Friday, June 20, 2014

Problems with Existing Slurm Prioritization Methods

UPDATELevel-Based was replaced by Fair Tree, an even better algorithm that we created.

Levi Morrison and I have co-authored a new prioritization mechanism for Slurm called LEVEL_BASED.  In order to understand why LEVEL_BASED is necessary, I have chosen to write this post about our issues with the existing options and a separate post about LEVEL_BASED.  If you just want to see information about LEVEL_BASED, see the post LEVEL_BASED Slurm Prioritization Algorithm.
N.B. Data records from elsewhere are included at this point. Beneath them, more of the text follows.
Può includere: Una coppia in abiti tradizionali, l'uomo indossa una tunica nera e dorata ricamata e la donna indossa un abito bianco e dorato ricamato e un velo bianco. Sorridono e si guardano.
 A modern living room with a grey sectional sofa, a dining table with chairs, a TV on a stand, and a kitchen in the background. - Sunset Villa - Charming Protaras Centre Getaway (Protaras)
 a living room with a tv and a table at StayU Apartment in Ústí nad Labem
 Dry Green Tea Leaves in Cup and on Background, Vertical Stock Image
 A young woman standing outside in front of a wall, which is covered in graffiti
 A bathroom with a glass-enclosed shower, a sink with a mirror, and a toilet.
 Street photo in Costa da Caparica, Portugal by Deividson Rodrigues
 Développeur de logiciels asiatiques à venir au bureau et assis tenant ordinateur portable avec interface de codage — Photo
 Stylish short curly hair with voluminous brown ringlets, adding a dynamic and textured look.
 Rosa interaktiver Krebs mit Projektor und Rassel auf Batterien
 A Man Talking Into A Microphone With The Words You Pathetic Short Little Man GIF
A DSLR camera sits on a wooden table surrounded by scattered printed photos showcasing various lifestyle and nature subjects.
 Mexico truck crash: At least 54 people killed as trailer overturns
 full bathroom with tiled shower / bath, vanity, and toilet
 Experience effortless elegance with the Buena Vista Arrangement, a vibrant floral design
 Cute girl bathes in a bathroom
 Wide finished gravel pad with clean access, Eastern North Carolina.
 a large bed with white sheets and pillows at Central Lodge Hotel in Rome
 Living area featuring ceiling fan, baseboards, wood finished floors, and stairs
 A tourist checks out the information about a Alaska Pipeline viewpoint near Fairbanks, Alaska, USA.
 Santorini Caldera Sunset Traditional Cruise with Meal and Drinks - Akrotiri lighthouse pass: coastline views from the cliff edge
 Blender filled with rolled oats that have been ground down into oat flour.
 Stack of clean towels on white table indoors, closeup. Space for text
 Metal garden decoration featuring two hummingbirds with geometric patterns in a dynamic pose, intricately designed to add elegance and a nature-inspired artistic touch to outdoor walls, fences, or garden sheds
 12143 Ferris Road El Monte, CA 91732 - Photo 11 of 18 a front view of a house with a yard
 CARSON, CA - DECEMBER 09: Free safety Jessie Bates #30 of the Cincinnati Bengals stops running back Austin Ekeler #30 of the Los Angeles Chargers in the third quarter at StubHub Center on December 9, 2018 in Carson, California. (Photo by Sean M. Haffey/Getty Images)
We want users from an account that has higher usage to have lower priority than users from an account with lower usage.  There is no existing algorithm that consistently does this.

We had high hopes for the ticket-based plugin (aka TICKET_BASED); it did work much better than the traditional plugin in most scenarios but it has some flaws.  DEPTH_OBLIVIOUS is designed for a different use case and the traditional multifactor algorithm doesn't come close.

Before beginning, I should point out that anytime I say "doesn't work" you can usually assume that I mean "doesn't work as we want it to".

Account Structure at BYU

We arrange our accounts in a relatively simple way.  Each faculty member has a Slurm account.  Each account consists of the faculty member and his/her students.  All faculty members are treated equally.  All users within an account are treated equally by default, though faculty can use their account coordinator status to modify shares and limits within the account.  It looks something like this:
root
/        \
acctA        acctB            ACCOUNTS
/  |  \         |  \
profA  tim  phd4     u5   profB      USERS

With such a simple setup, we thought it would be simple to prioritize users the way we wanted.

Shares Calculation

All current algorithms suffer from a problem with the normalized shares calculation.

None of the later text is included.